Construction output in Q4 of 2017 was 1% above that of a year ago, with growth driven by new housing – and private housing proving particularly strong. Experian Economics reports
01 / Overview
The latest ONS figures showed UK GDP grew by 0.4% quarter-on-quarter in Q4 of 2017, revised downward by 0.1 percentage points from the preliminary estimate, in part reflecting a downward revision to the estimated output of the production industries. We expect GDP growth to moderate slightly this year to about 1.5%.
The construction forecasts outlined here are taken from our latest winter publication and thus do not yet reflect our macroeconomic downgrade.
Between October and December 2017 total construction output rose by 1% to £38.76bn (in 2015 prices) compared with the same period in 2016. The public housing market contributed to the overall rise with year-on-year growth of 4% to £1.38bn. The sector is expected to grow by an annual average of 6% over the next three years, with the Spring Statement 2018 reaffirming the government’s commitment to its investment programme of £44bn over the next five years. The sizeable drop in new orders in Q4 of 2017, following on from two similarly strong quarters, presents a downside risk to the short-term output forecast for the sector, however.
In new work, private housing posted the strongest year-on-year growth, rising 9% to £8.41bn, making it the largest new work sector for the ninth consecutive quarter. It is expected to continue growing over the forecast period, albeit at a slower annual rate of 3%. Growth in new orders has slackened in recent quarters, with a slight increase in orders in Q3 of 2017 being followed up by a Q4 decrease of equal magnitude. Economic uncertainty is likely to curb investor appetite while affordability issues dampen buyer demand. Nonetheless, private housing activity, at least in output terms, remains at a historically high level. House price growth is expected to average 2.8% per year between 2018 and 2020.
Infrastructure output similarly grew by 4% to £4.78bn in Q4 of 2017, compared with the same period a year earlier. It is expected to experience the strongest annual average growth of all sectors at 7%. Continued investment in rail projects remains the largest driver of infrastructure output growth over the forecast period, with HS2 the single largest scheme. Rail expenditure aside from HS2 is projected to decline gradually over the forecast period but remain relatively high, with Network Rail’s £47bn Control Period 6 (CP6) following on directly from the end of CP5 and lasting five years. This slowdown will also be balanced out by increasing expenditure in the sizeable roads subsector.
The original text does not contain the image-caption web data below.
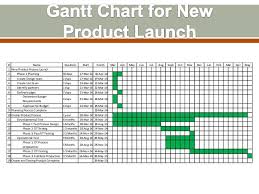 Six Sigma Dmaic Process Bottlenecks Tqm Tools Project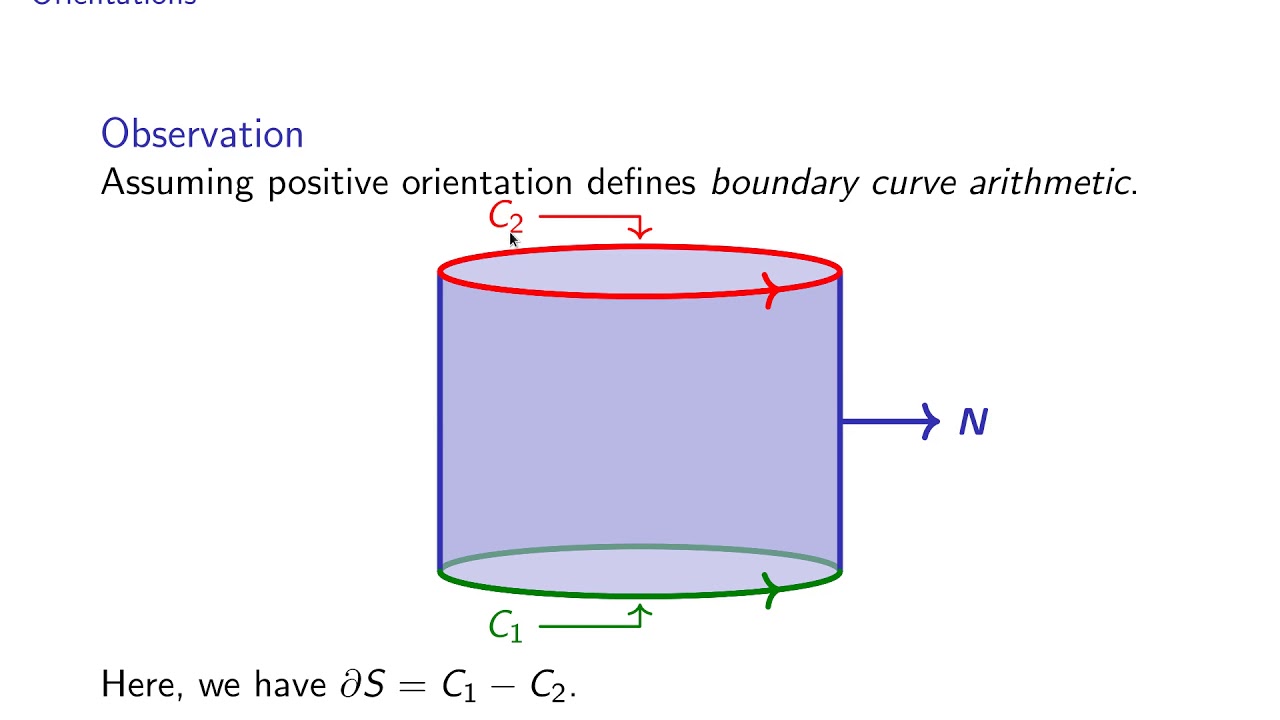 Stokes' Theorem: Part 1/3 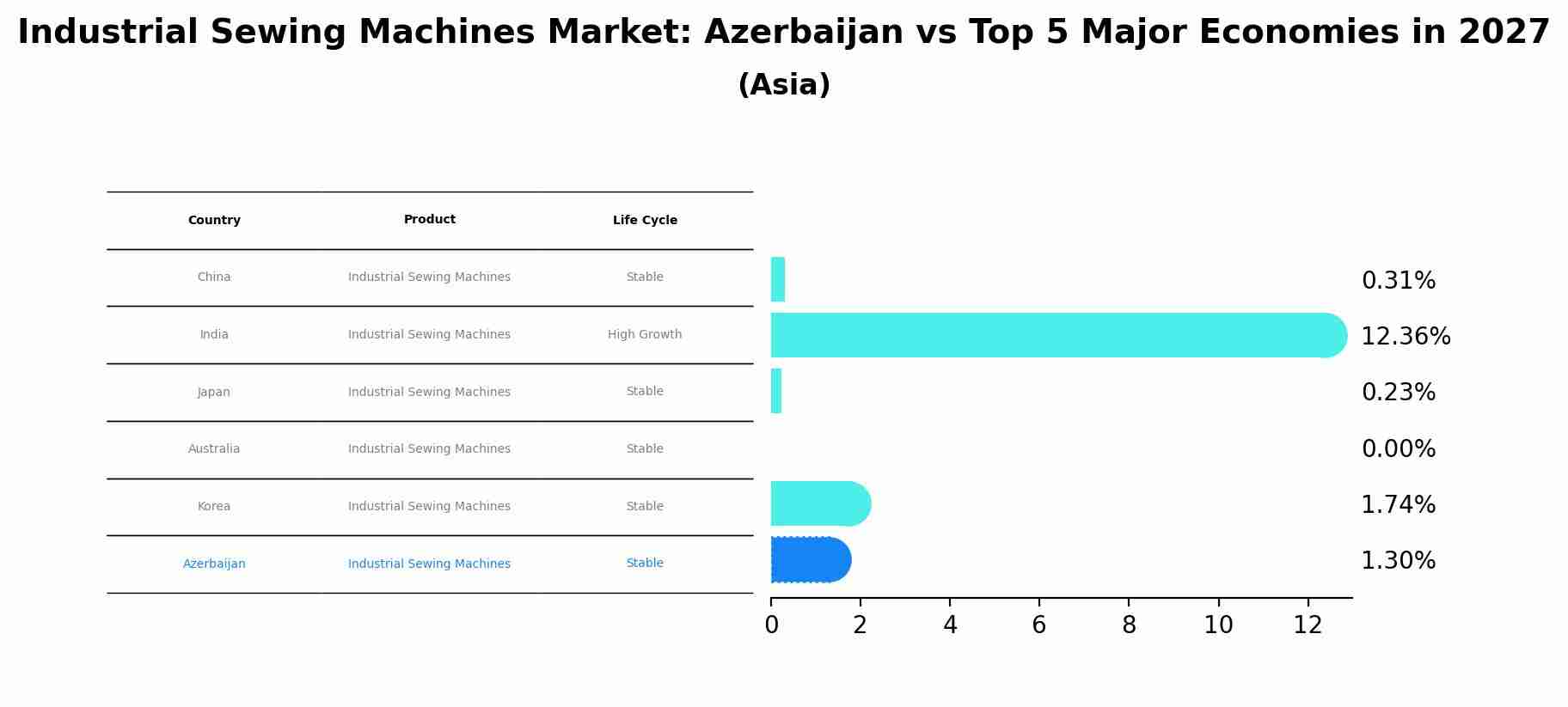 Industrial Sewing Machines Market: Azerbaijan vs Top 5 Major Economies in 2027 (Asia)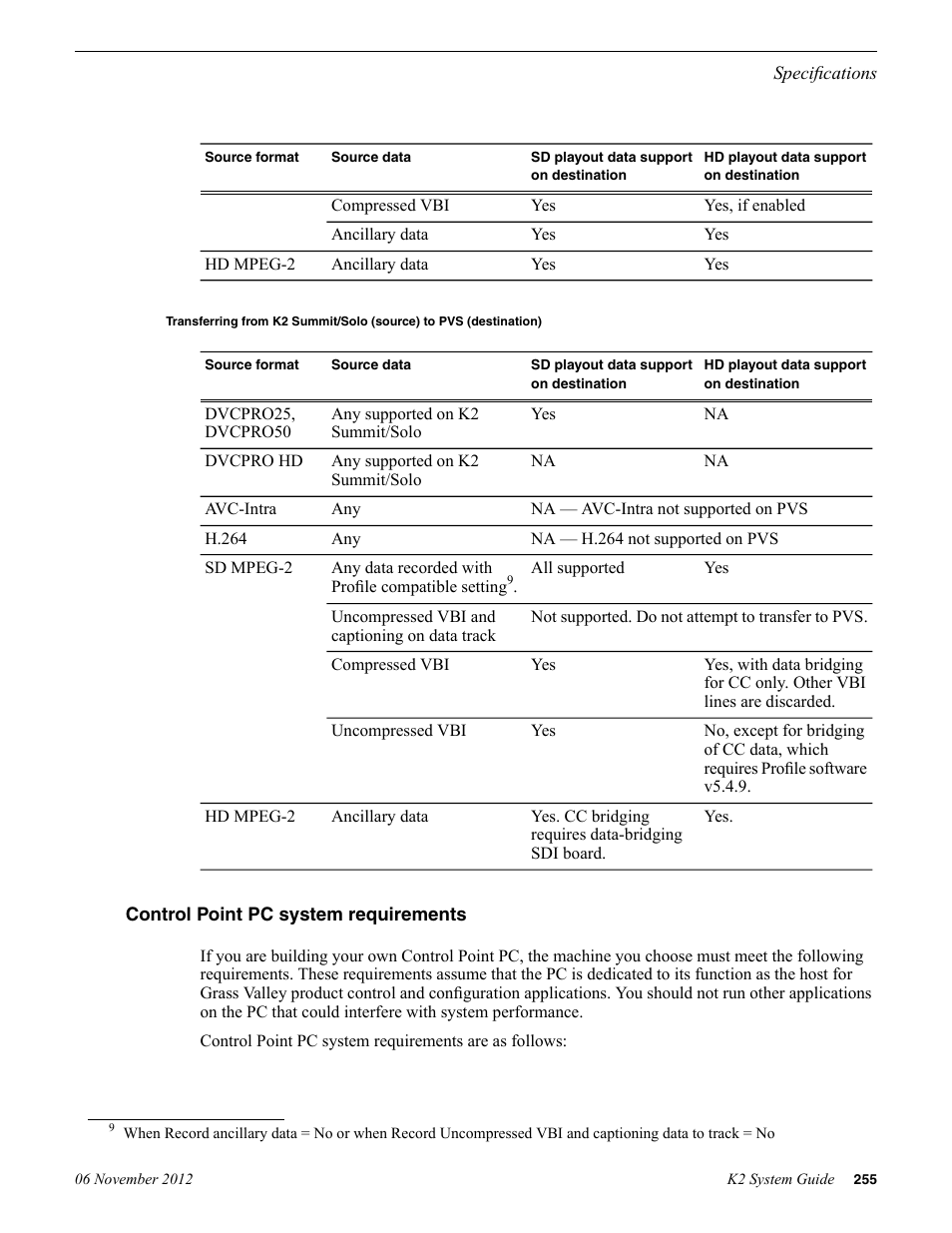 Control point pc system requirements | Grass Valley K2 System Guide v.9.0 User Manual | Page 255 / 284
The public non-residential sector experienced the largest year-on-year contraction, of 8% to £2.45bn in Q4 of 2017. Output is expected to continue declining over the forecast period, but at a gradually moderating pace. This is largely due to expected falls in the sizeable schools and health subsectors, with the Procure22 programme yet to build up steam in the latter subsector. Completion of defence works linked to the Army Basing Plan by 2019 adds further downward pressure. A few large university projects, notably in Glasgow and Manchester, will remain the key drivers of growth over the next few years, mitigating more serious declines for the sector.
Industrial output experienced a slight downturn in Q4 of 2017, falling 4% in year-on year terms to £1.08bn. Reasonably strong growth is forecast for 2018, then more modest expansion in 2019 and 2020 as projects starting on site fall, exacerbated by a sizeable decline in new orders in Q4 of 2017.
The commercial market posted a similar year-on-year decline of 3% to £7.04bn in the three months to December 2017. As also reflected in the Q4 fall in new orders, the heightened uncertainty over Brexit is particularly affecting this sector – undoubtedly having led to a more cautious attitude by investors and developers to bringing new office projects forward, while the impact on disposable incomes is also placing downward pressure on the retail subsector. Annual growth in the sector is expected to decline by an average of 4% a year over the forecast period.
02 / New work output
03 / R&M output
04 / New work orders
05 / 2018-20 forecasts
The public housing, private housing, infrastructure and industrial sectors are expected to post annual average growth over the forecast period, with infrastructure output growth being particularly strong. The public non-residential and private commercial sectors are expected to post average yearly declines over the same period, however.
06 / Regional new work output
In the three months to December 2017, new work output in current prices increased in eight out of 11 regions and devolved nations on an annual basis.
07 / Regional R&M output
Output for the repair and maintenance sector (R&M) increased in six out of 11 regions and devolved nations on an annual basis.
08 / Regional new work orders
New work orders increased in three out of 11 regions on a yearly basis in the final quarter of 2017. Yorkshire and Humber experienced the biggest absolute rise in orders, with an increase of £2.51bn to £3.16bn. This is likely to have happened as a result of the £2.25bn TransPennine upgrade from Stalybridge to Leeds.